The rules, set to take effect June 10, require removal of personal information such as Social Security numbers, birth dates, addresses and other data from court filings. The rules also limit the number of documents available through the Oklahoma Supreme Court Network (OSCN) Web site.

Companies that perform background checks said the court’s rules will “severely limit” their ability to serve their clients.
“Although a person’s date of birth may be safe from the public, that same person may very likely be put at risk in the workplace because their employer will no longer be able to obtain adequate background checks on new hires,” said David Blanton, owner of PreHire Screening Service in Oklahoma City.

Blanton, who says his company performs about 10,000 background checks a year, told The Associated Press “the new rules could have an unintended negative effect, because companies may put workers in jeopardy by hiring applicants with violent criminal backgrounds.”

He said his company could face increased liability if it supplied incomplete information as a result of erroneous reports.
Norman private investigator Frank Gaynor agreed.

Gaynor, president of Norman-based Lighthouse Investigators, said the change would affect his business.

“It’s going to affect me because I do a lot of work on the Internet,” he said. “But it won’t affect me in Norman, because I can still go to the courthouse.”

And though Gaynor acknowledged the rule change would “cause a problem” for private investigators, he said he didn’t necessarily disagree with the court’s action.

“I do think that some public access is abused,” he said. “From a stalker standpoint.”

Tracy Seabrook, executive director of the National Association of Professional Background Screeners, said no other state has in place a records policy as restrictive as the new Oklahoma court rule.

She said others have tried such policies, but later backtracked after many who use court records pointed out problems. Seabrook said that includes North Carolina, where her association has its headquarters.
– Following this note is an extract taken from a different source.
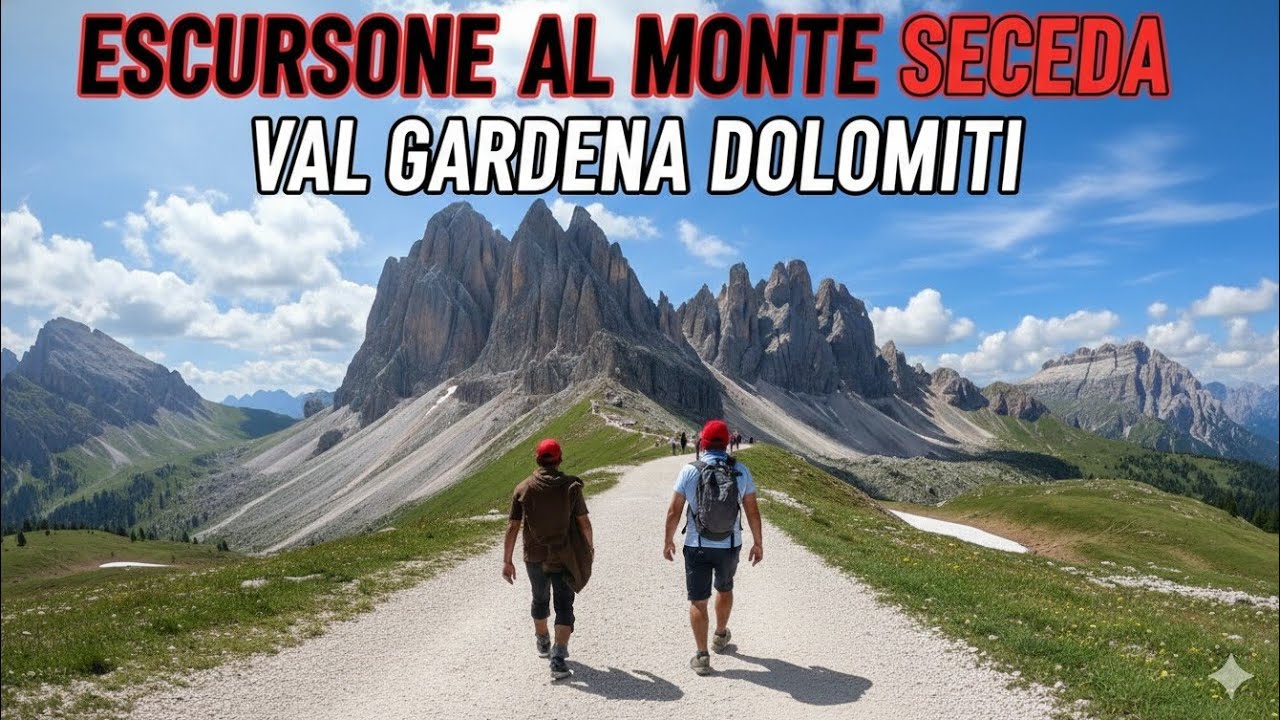 Camino hacia al Monte Seceda (Val Gardena)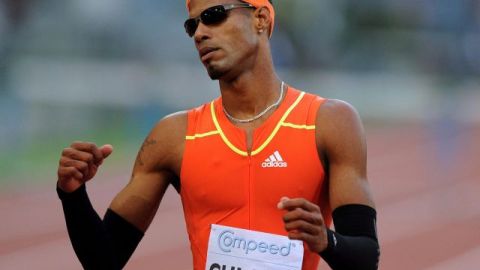 Javier Culson tras ganar hoy en la Golden Gala de Roma.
“We all understand, no one wants their identity stolen,” Seabrook said. “However, if I tell you my birthday right now, you can’t steal my identity with my birthday.”
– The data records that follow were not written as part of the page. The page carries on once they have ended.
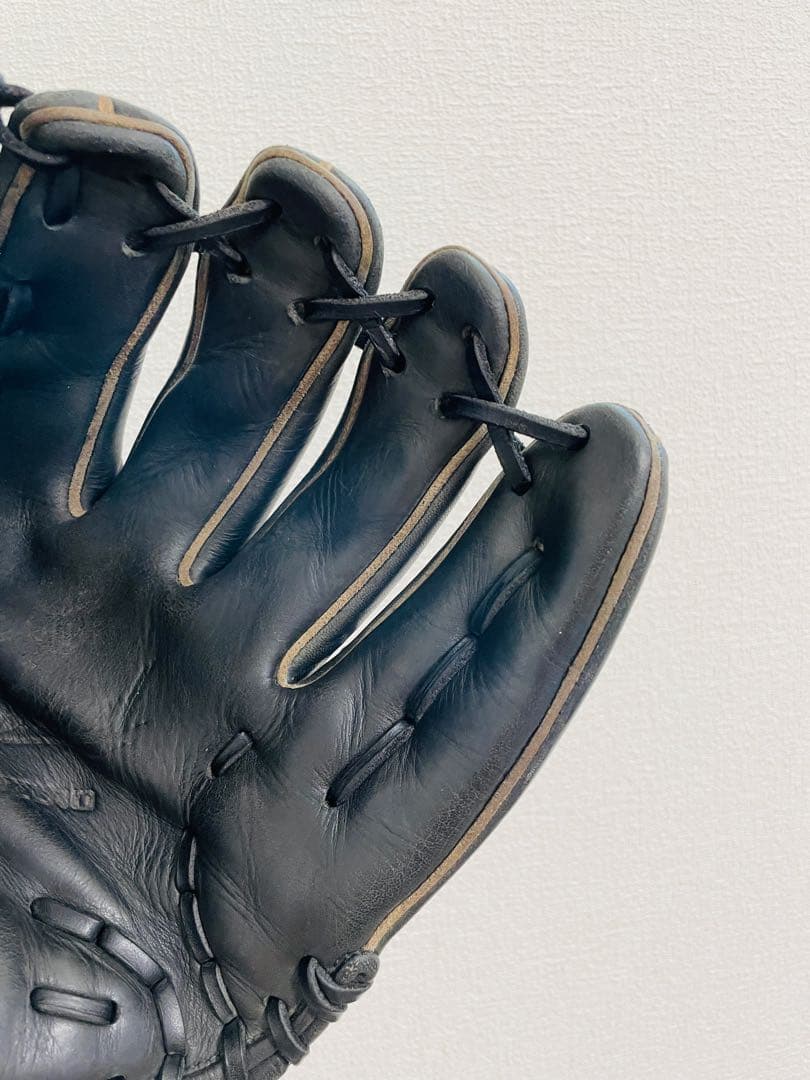 Mizuno ミズノ　黒 レザー グローブ 投手用　即戦力 軟式用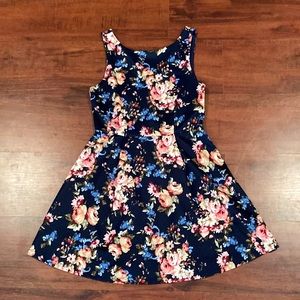 Cute Floral Juniors A Frame Dress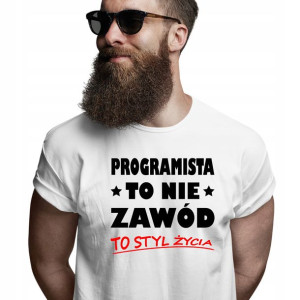Koszulka Zabawny Prezent Programista To Nie Zawód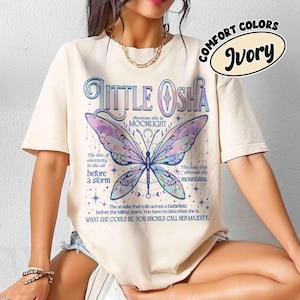 Little Osha Butterfly Shirt, Quicksilver Callie Hart Tee, Saeris Fane Kingfisher Inspired Shirt, Fantasy Romance Bookish Gift Tee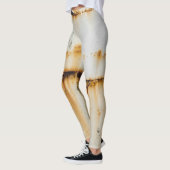 Leggings Métal blanc rouillé : surface texturée (Gauche)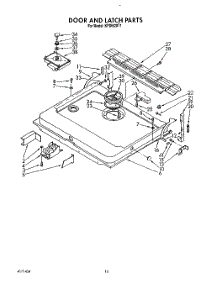 13 - Door And Latch parts for Kitchenaid Dishwasher KPDI620T1 from AppliancePartsPros.com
Gaynor said he was aware of identity theft problems, but said he “hadn’t dealt with it here” in Oklahoma.

“I have dealt with identity issues in other states,” he said. “I’ve heard of it and it is a huge issue. But here, I think the problem is small, less than 5 percent.”
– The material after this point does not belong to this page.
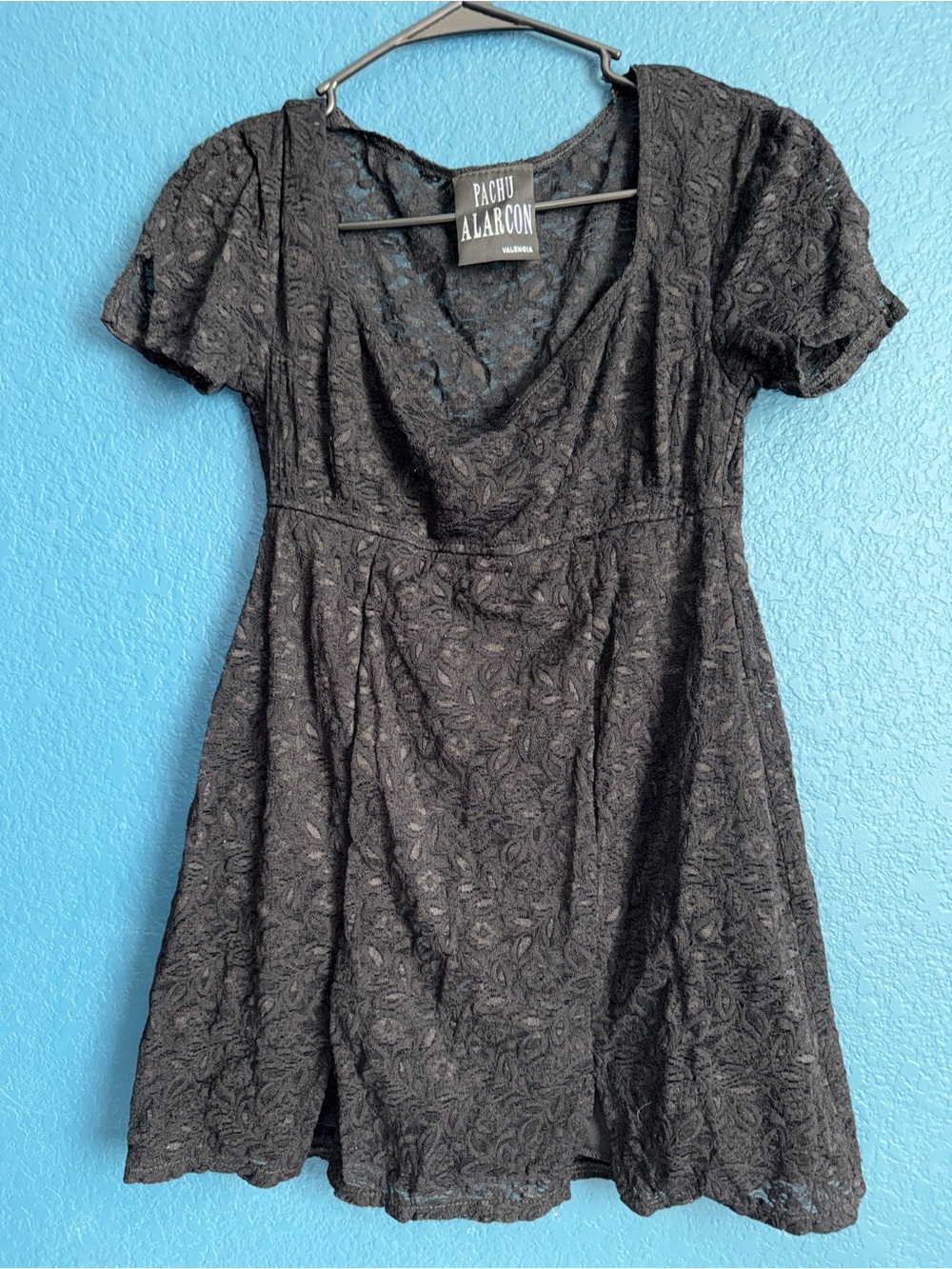 Black Lace Mini Dress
Several open government advocates have criticized the new rules.

Oklahoma Press Association executive director Mark Thomas said some disclosure is necessary when public institutions are used.

“If people want privacy they should settle their affairs in private,” Thomas said. “If they must use the public courts, paid for by taxpayers, they should expect much of their information to be public.”

There are a few sensitive issues such as Social Security numbers, he said, “but the list of items this new rule requires to be redacted, both in paper copies and any online documents is much too broad. Marking out all of that information will, in effect, give us secret courts.”

Oklahoma State University professor Joey Senat said the court should have listened to other parties interested in open government.

“I think there needs to be a more public process than letters sent to an administrator,” Senat, a former president of FOI Oklahoma Inc., said. “I’d like to see hearings, at the very least.”

Oklahoma Supreme Court Justice James Winchester said the new rules may be revisited before they take effect in June.
Winchester and Justices Tom Colbert, Rudolph Hargrave, Joseph Watt, John Reif voted for the rules. Justice Steven Taylor opposed the rules. Vice Chief Justice James Edmondson and Justice Yvonne Kauger agreed with some of the rules and disagreed with others. Justice Marian Opala did not vote.